Output the complete listing exactly, please, and keep the pictures out of it.

DATA EXTRACT —
________

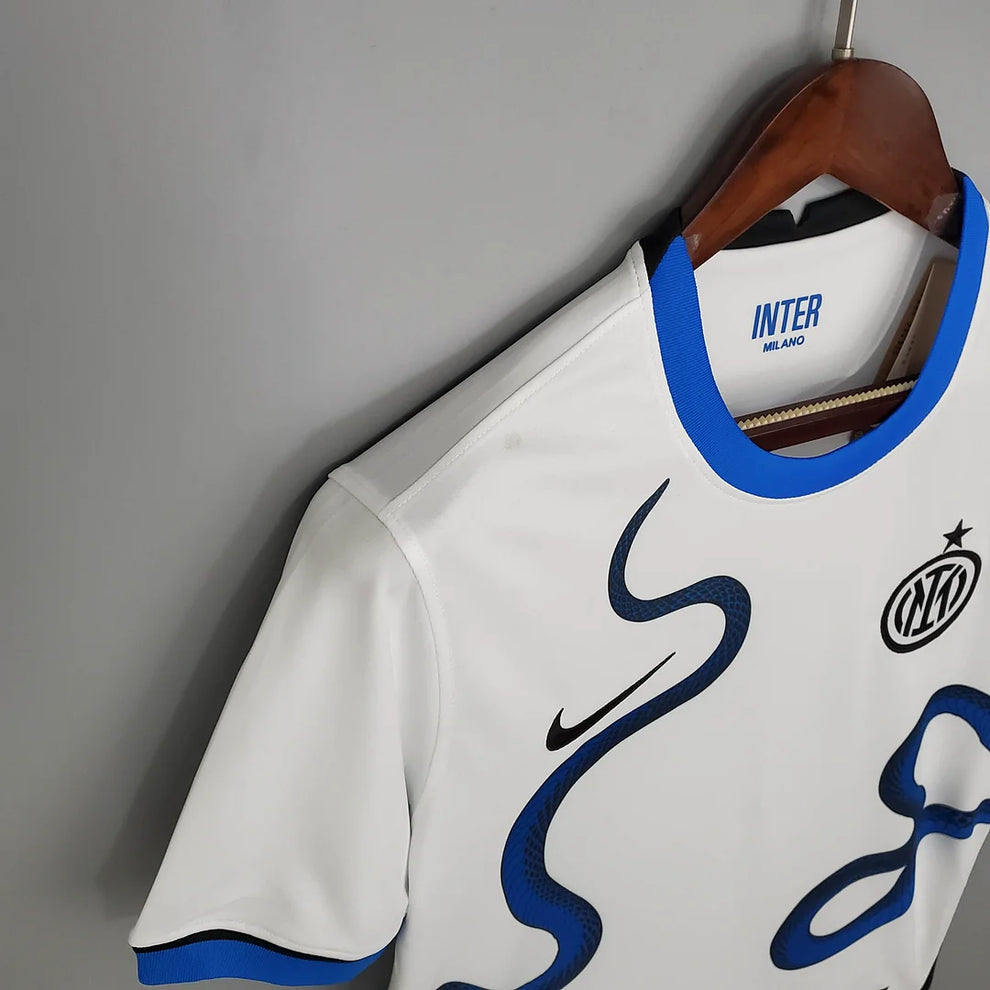 Internazionale Milan Football Jersey White 2021/2022 Retro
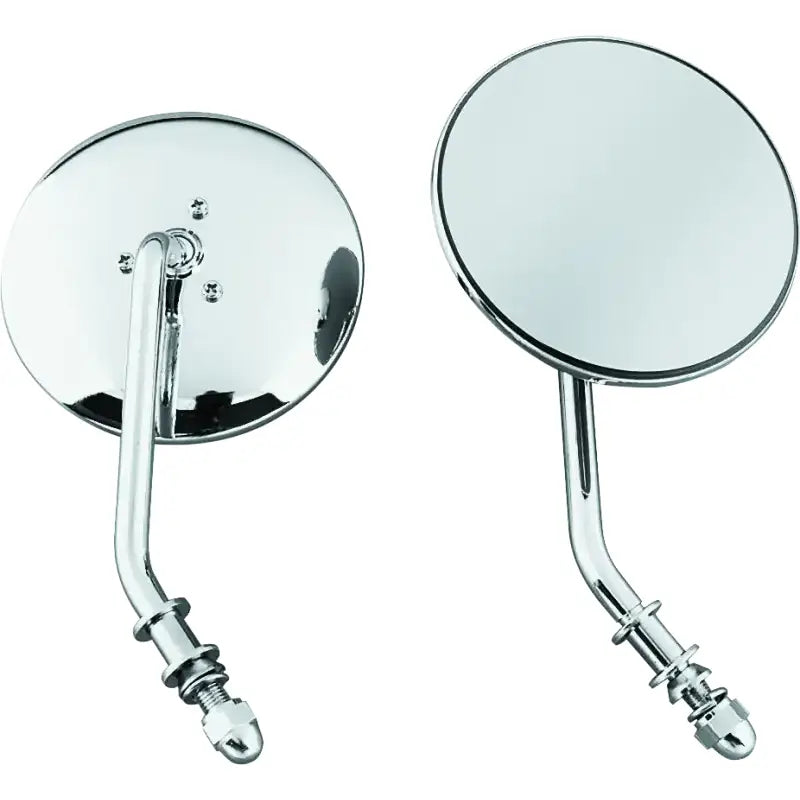Bikers Choice 65-Up Chrome 4 Inch Round Short Stem Mirror Left Custom - Bikers Choice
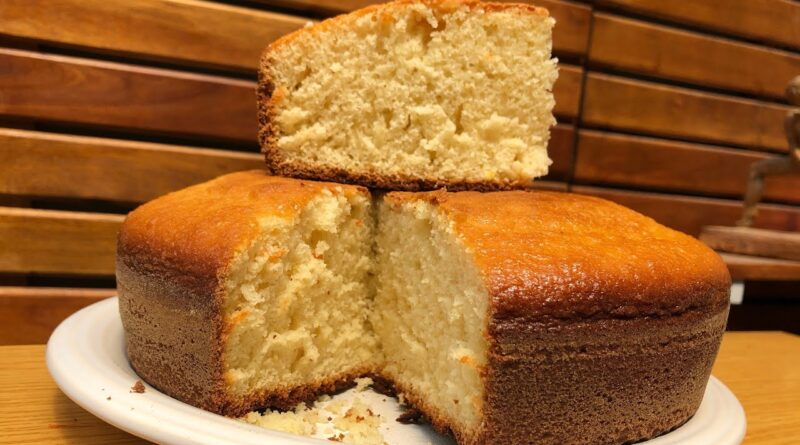 receta de bizcochuelo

________

EXPECTED ANSWER —
 Internazionale Milan Football Jersey White 2021/2022 Retro
Bikers Choice 65-Up Chrome 4 Inch Round Short Stem Mirror Left Custom - Bikers Choice
 receta de bizcochuelo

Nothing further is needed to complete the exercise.